**Supplied information:**
+-------+
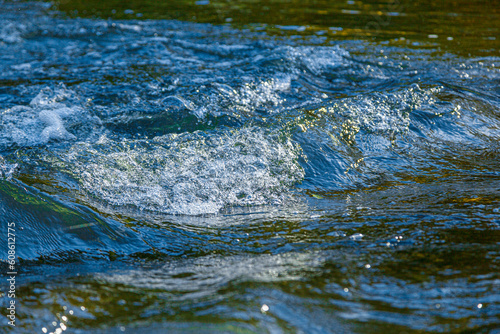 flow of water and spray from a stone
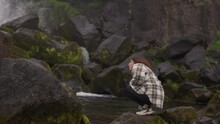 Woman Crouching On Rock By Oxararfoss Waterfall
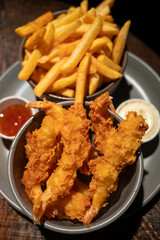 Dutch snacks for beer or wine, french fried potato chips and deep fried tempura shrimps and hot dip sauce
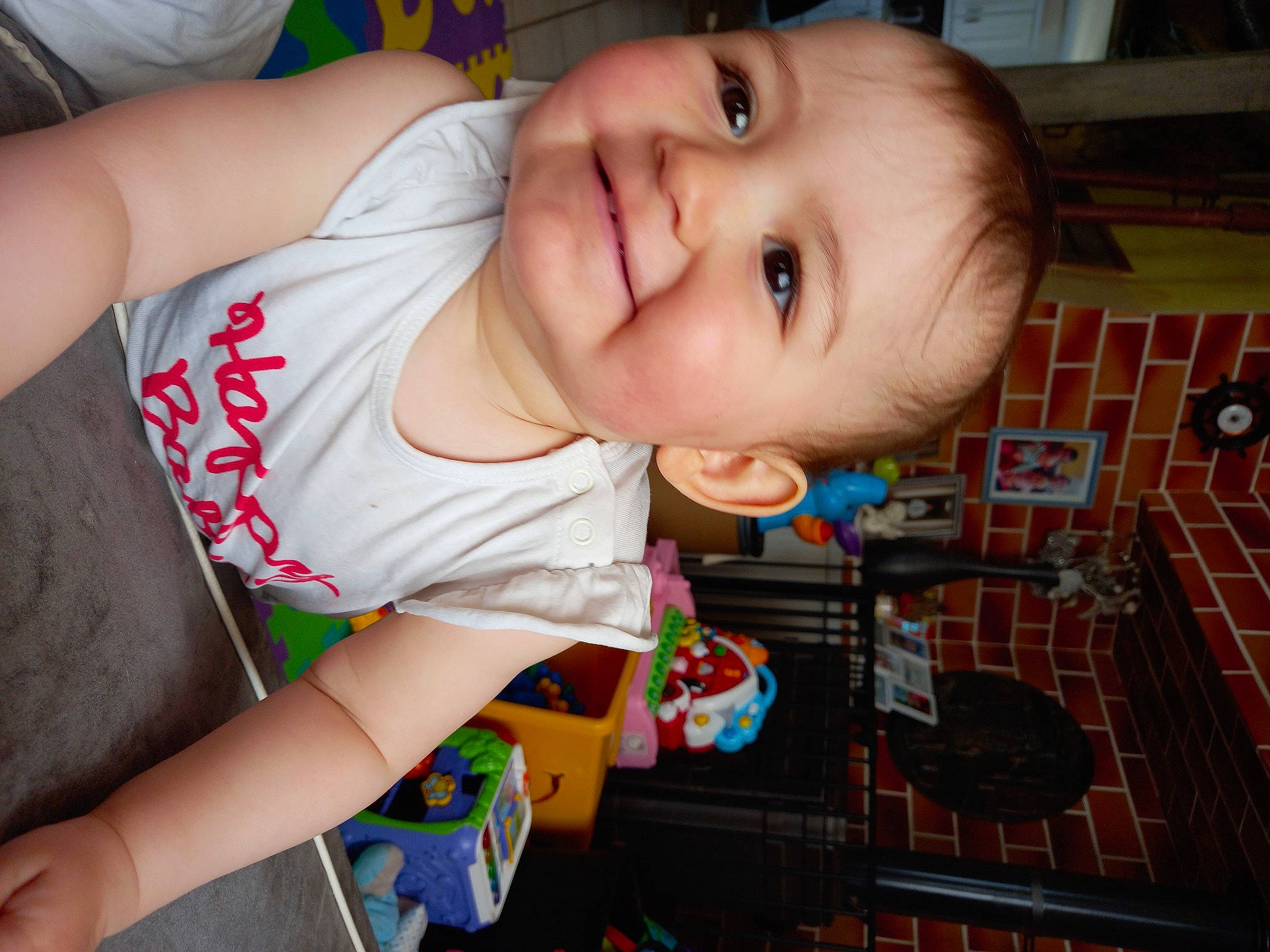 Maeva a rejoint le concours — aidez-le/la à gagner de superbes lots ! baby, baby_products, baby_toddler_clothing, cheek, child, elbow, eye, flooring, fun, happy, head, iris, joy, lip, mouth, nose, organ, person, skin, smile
+-------+
Every line between the one containing "Dutch snacks for" and the last line of the data above, both included, should be copied exactly, but not the pictures.

 Dutch snacks for beer or wine, french fried potato chips and deep fried tempura shrimps and hot dip sauce
 Maeva a rejoint le concours — aidez-le/la à gagner de superbes lots ! baby, baby_products, baby_toddler_clothing, cheek, child, elbow, eye, flooring, fun, happy, head, iris, joy, lip, mouth, nose, organ, person, skin, smile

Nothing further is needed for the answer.